## EXERCISE INPUTS

========================

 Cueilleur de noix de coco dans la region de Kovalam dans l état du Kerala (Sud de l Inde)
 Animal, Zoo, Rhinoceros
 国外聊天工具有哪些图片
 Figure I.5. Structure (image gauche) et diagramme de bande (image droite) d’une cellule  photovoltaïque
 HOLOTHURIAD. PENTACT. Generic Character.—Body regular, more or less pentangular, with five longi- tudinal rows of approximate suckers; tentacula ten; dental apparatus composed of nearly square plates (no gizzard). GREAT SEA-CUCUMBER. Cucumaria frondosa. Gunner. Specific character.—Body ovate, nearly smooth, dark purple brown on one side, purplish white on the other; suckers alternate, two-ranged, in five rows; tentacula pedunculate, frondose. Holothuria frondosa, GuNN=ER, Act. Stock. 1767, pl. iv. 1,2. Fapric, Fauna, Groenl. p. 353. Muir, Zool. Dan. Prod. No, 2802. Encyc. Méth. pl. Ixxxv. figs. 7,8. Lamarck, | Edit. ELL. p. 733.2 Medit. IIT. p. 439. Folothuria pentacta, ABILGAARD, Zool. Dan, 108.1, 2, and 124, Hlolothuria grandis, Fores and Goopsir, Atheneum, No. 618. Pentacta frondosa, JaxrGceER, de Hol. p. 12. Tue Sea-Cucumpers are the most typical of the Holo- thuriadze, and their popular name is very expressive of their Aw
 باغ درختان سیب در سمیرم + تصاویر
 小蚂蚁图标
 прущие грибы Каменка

========================

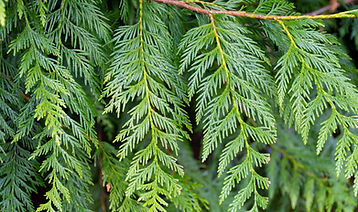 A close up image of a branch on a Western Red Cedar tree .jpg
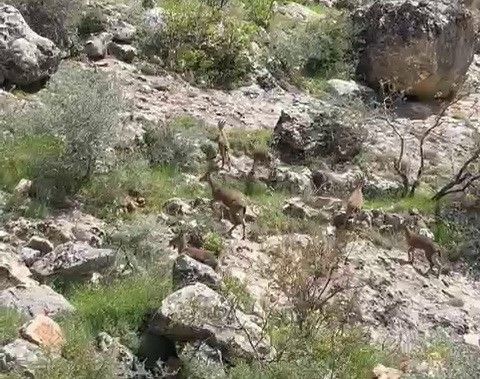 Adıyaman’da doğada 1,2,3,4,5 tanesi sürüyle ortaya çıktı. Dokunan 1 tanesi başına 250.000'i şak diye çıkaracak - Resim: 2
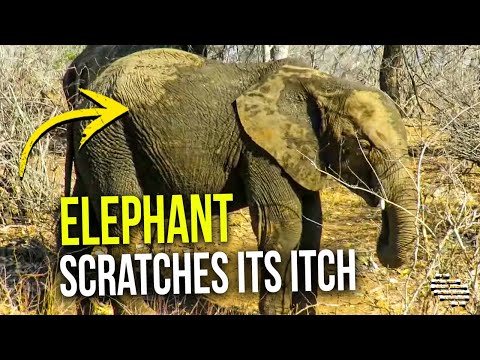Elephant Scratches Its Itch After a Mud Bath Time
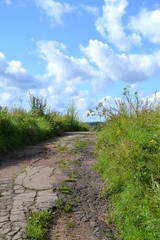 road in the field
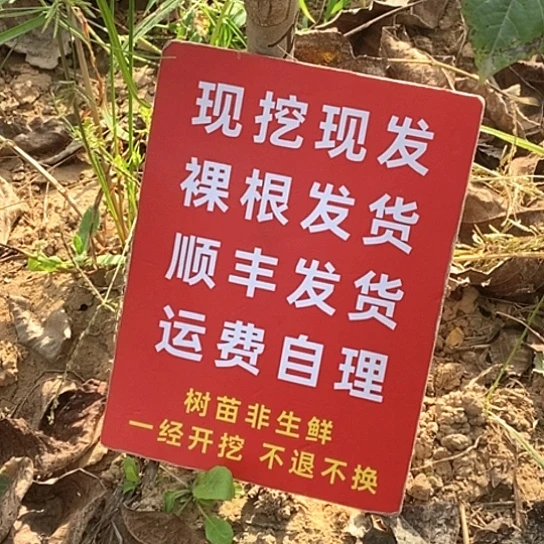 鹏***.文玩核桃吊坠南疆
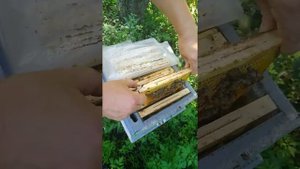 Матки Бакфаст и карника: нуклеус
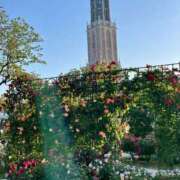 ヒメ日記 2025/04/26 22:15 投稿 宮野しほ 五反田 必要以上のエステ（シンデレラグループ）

========================

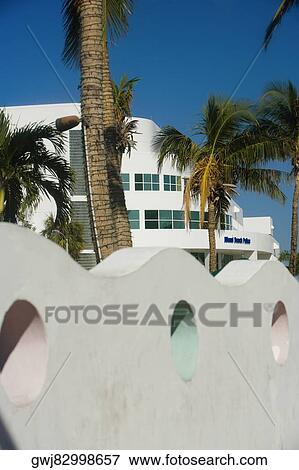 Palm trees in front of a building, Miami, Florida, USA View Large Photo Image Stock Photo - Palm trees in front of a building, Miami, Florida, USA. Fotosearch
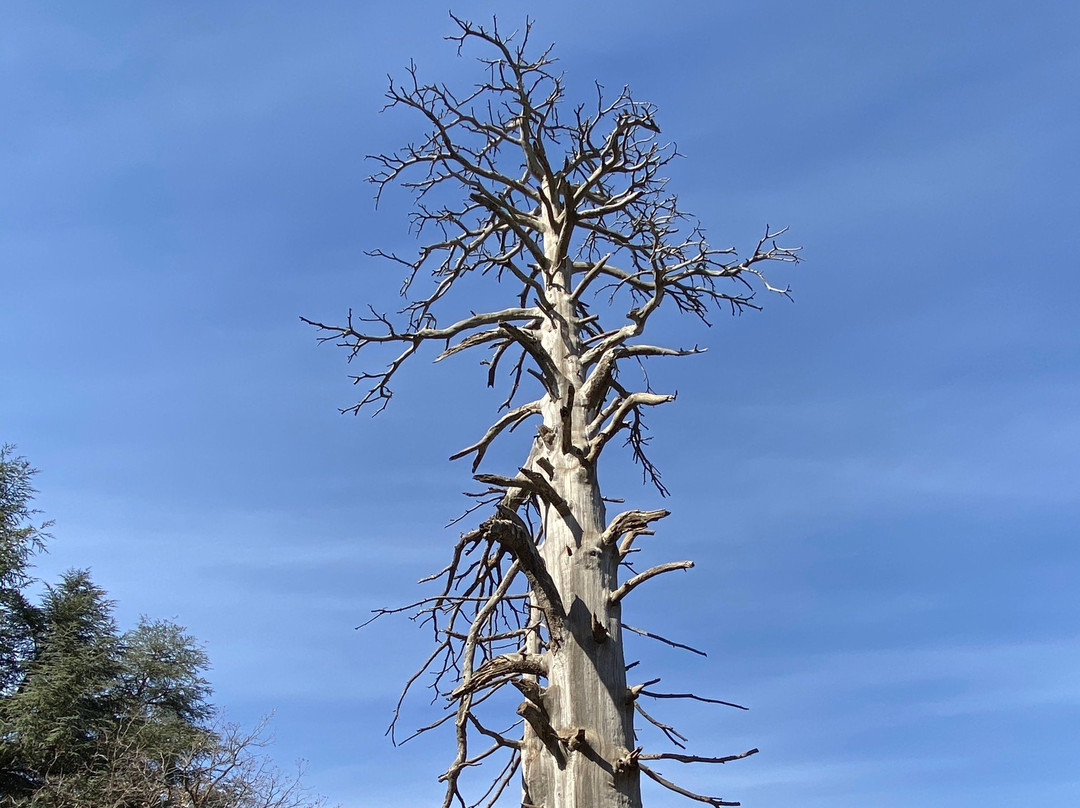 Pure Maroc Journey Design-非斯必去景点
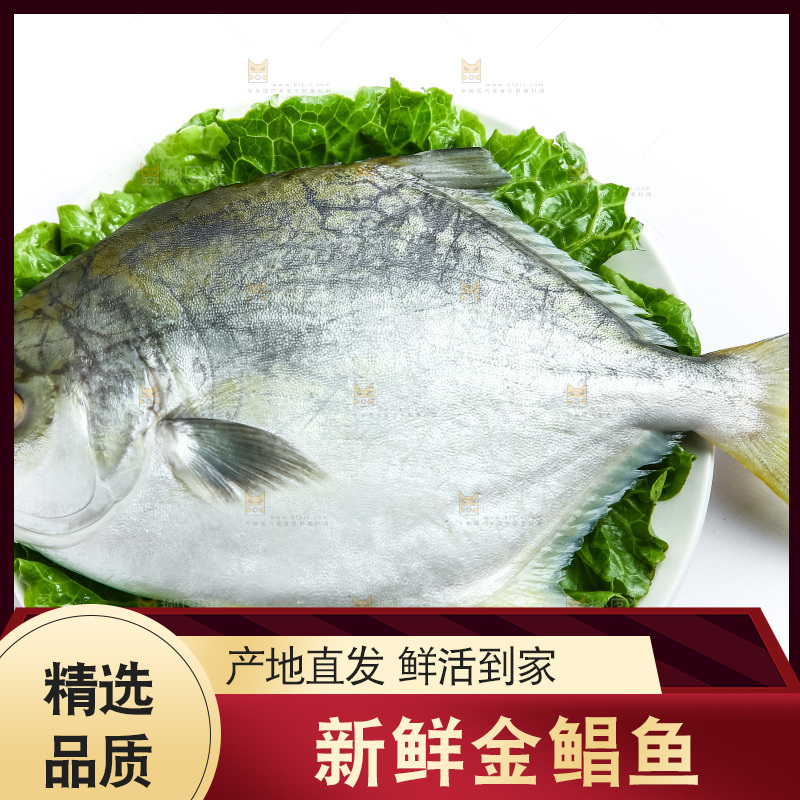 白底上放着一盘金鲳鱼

========================

## WORK TO BE COMPLETED
In the listing above, locate the line containing "国外聊天工具有哪些图片" and the line containing "Figure I.5. Structure", then transcribe both and every line between them verbatim.

## TASK SOLUTION
 国外聊天工具有哪些图片
 Figure I.5. Structure (image gauche) et diagramme de bande (image droite) d’une cellule  photovoltaïque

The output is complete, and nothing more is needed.